The US Supreme Court has agreed to review the appellate decision finding Intel’s disclosure of allegedly imprudent investment decisions for its retirement plans did not start ERISA’s three-year statute of limitations if the plaintiff hadn’t read the disclosures (Sulyma v. Intel Corp. Inv. Policy Comm., 909 F.3d 1069 (9th Cir. 2018)).
A former employee and participant in two of Intel’s retirement plans who invested in two custom Intel investment funds filed the fiduciary breach case. To reduce investment risk through diversification, Intel’s retirement plan committee had increased the funds’ holdings in alternative investments (such as hedge funds and private equity). But those investments had higher fees and, during periods of strong equity-market returns, underperformed relative to index funds and comparable portfolios.
Intel disclosed its investment decisions in several documents — including summary plan descriptions, qualified default investment alternative notices and “fund fact sheets” — posted on two websites. However, the plaintiff testified that he didn’t know about these disclosures, despite admitting he might have accessed Intel’s benefits website 68 times while working for the company.
Intel’s Statute-of-Limitations Defense
Intel argued ERISA’s statute of limitations barred the participant’s claim because disclosures about the alternative investments were available for more than three years before he filed his complaint. The district court agreed and granted summary judgment for Intel.

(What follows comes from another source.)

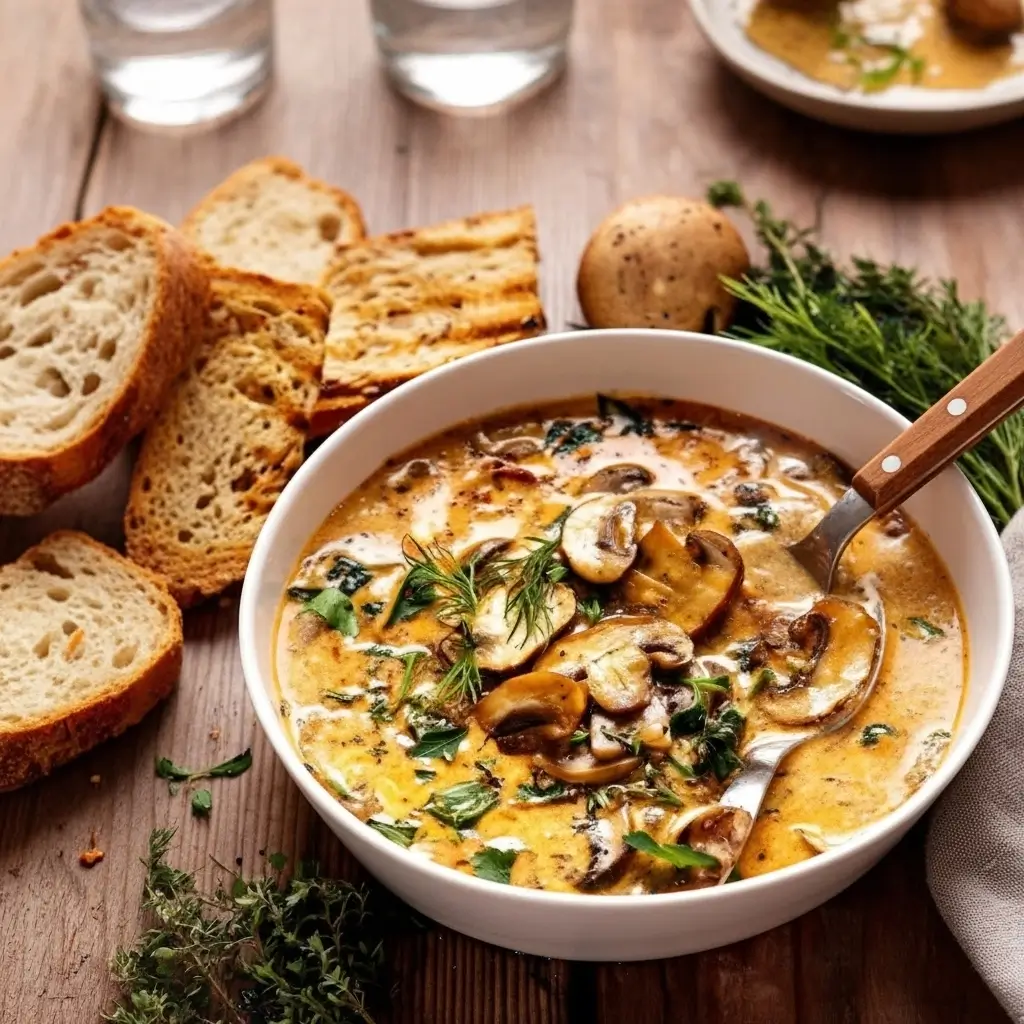 My Most Requested Autumn Soup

But the 9th US Circuit Court of Appeals found that merely making the disclosures available doesn’t start the statute of limitations because ERISA requires actual knowledge of a breach to trigger the limitations period. The court said that the plaintiff’s claim that he never read the disclosures and didn’t know about the alternative investments creates a factual dispute as to his actual knowledge of the alleged breach.
Split in Circuit Courts
The 9th Circuit’s opinion conflicts with a 2010 6th Circuit decision holding that “[w]hen a plan participant is given specific instructions on how to access plan documents, their failure to read the documents will not shield them from having actual knowledge of the documents’ terms” (Brown v. Owens Corning Inv. Review Comm., 622 F.3d 564 (6th Cir. 2010)). The 9th Circuit acknowledged the 6th Circuit’s opinion but disagreed, saying access to plan documents amounts to constructive, but not actual, knowledge.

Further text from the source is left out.